Une rescapée d’Auschwitz se rappelle l’odeur de la fumée des crématoires, la lutte pour la survie, le néant de sentiments et ses cauchemars.

Mengele était présent à notre descente du wagon, mais nous ne savions pas qui était ce bel homme, sympathique à première vue, entouré de soldats, officiers et gardes SS, chiens. On ne comprenait pas, mais les prisonniers polonais qui nous aidaient à descendre du wagon nous ont dit : «  Vous allez être sélectionnés. Allez à droite, pas à gauche. Dites que vous voulez travailler.  »

On a compris qu’il y avait un danger de ne pas aller au travail, mais sans savoir encore ce que cela signifiait d’aller à gauche, c’est-à-dire vers les chambres à gaz, tout de suite. Les prisonniers polonais ajoutaient, sans autre explication : «  Donnez les petits enfants aux grands-mères et vous, les mères, dites que vous voulez travailler. Donnez vos enfants à vos parents, n’allez pas avec les petits.  » Il était déchirant de voir les pauvres femmes qui refusaient de donner leurs enfants, mais on ne savait pas encore que ces mères, qui ne lâchaient pas leurs petits, allaient avec leurs enfants vers les chambres à gaz, en l’ignorant.

C’est un film muet que j’ai en tête. Je vois des images mais je n’entends pas le son. Certes, j’arrive à reproduire les cris en allemand : Raus ! Schnell ! etc. Pas l’aboiement des chiens-loups.

Depuis déjà longtemps, j’essaye de me souvenir. Il y avait un murmure, puisque les gens se parlaient, mais moi je ne me rappelle pas le son des voix. On n’entendait pas des oiseaux. Je n’en ai pas vu dans le ciel, même pas d’insectes. Rien. Il ne poussait rien là-bas. Je n’ai pas vu une seule herbe.

Quand même, je me rappelle l’odeur de la fumée des crématoires en arrivant, ça oui.
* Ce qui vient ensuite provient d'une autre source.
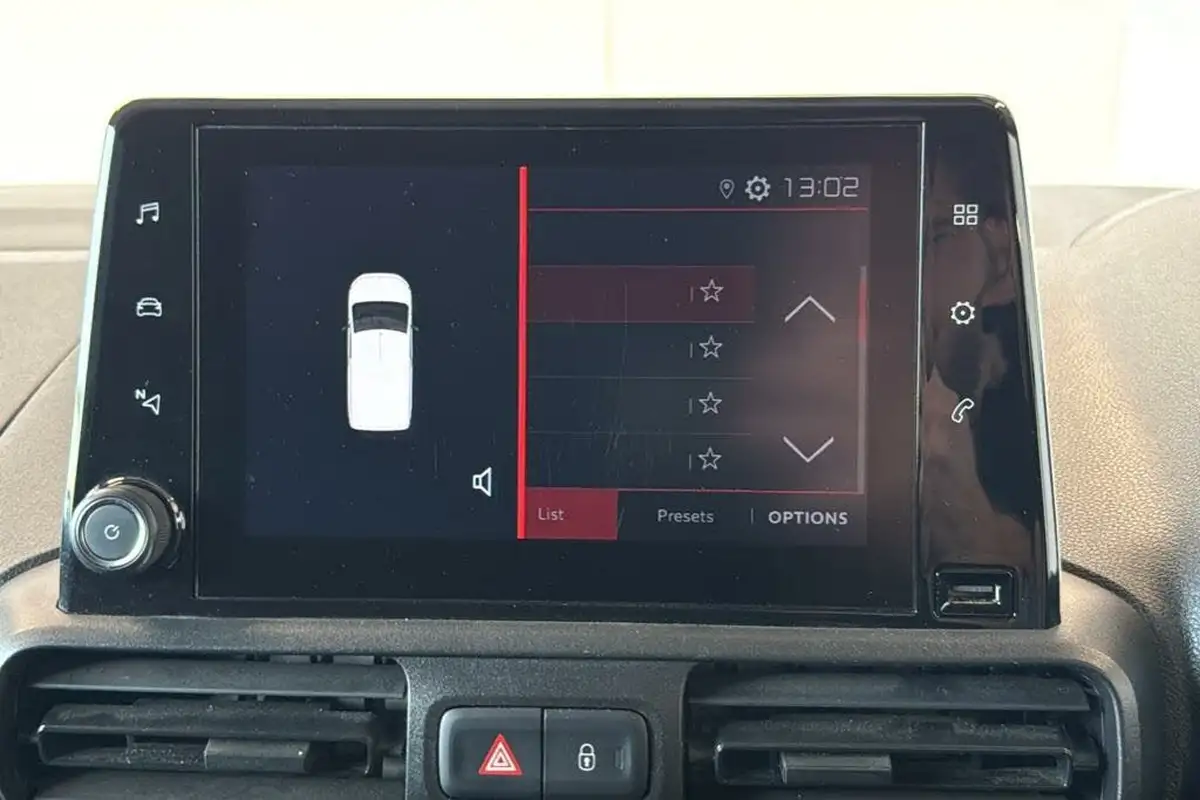 2020-citroen-berlingo-15bluehdi-1000-enterprise-100pseu6dt-e-ss-panel-big-31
On voyait la fumée et on sentait l’odeur, indescriptible parce que c’était la chair brûlée.

La première nuit, nous étions six femmes, accroupies par terre, sur une même planche dans une baraque de mille personnes, serrées comme des harengs, à essayer de dormir. Malgré une migraine épouvantable, je me suis endormie et j’ai rêvé que ma tante, Régine Steinbach – qui s’était suicidée dans le wagon pendant notre transport à Auschwitz, après avoir été torturée à l’électricité dans le ghetto de notre ville par les gendarmes hongrois, comme beaucoup d’autres, pour les faire avouer où ils avaient caché des objets de valeurs –, me disait : «  Rassure-toi ma petite, tu vas rester en vie parce que j’étais le sacrifice pour toi.  »

J’avais tellement le désir de vivre. C’est l’explication de mon rêve. Je me suis agrippée à l’amour de cette tante, croyante, elle, que j’aimais par-dessus tout. Et peut-être, me disais-je dans mon rêve, qu’étant donnée sa foi, elle intercéderait pour moi dans l’au-delà, chose que je ne croyais pas, éveillée, évidemment. Ce rêve-là ne m’a pas quittée un seul jour de ma vie jusqu’à aujourd’hui.
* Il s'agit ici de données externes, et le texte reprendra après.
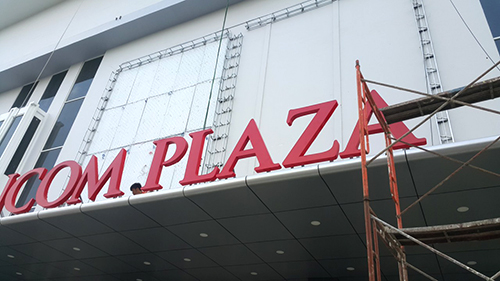 lắp đặt chữ logo vincom plaza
On vivait comme lors d’un tremblement de terre, comme lorsque le feu envahit une maison, et que vous ne pouvez pas fuir. Je ne me suis pas révoltée en tant que Juive, mais en tant qu’être humain contre l’injustice assassine, inhumaine et contre ce niveau d’indifférence du monde.

À Auschwitz, beaucoup de gens se sont suicidés. Moi, je n’ai pas vécu des moments de dépression véritable. Ma mère et moi gardions une espèce de sérénité. On ne parlait pas de notre passé. On ne se demandait pas ce qu’étaient devenus les nôtres, mon père Rodolf, ma grand-mère maternelle Paula – un sujet tabou. Nous ne parlions que de choses positives : que fera-t-on quand on rentrera ? Nous n’envisagions pas de ne pas rentrer, ni que mon père n’allait pas revenir.

Une défense qui a opéré parce que nous n’étions ni dans le présent ni dans le passé. Il fallait serrer les dents, survivre. Et puis, après, on recommencerait comme avant. On ne pensait pas que tout serait changé, tant de morts. On se refusait de penser à cela.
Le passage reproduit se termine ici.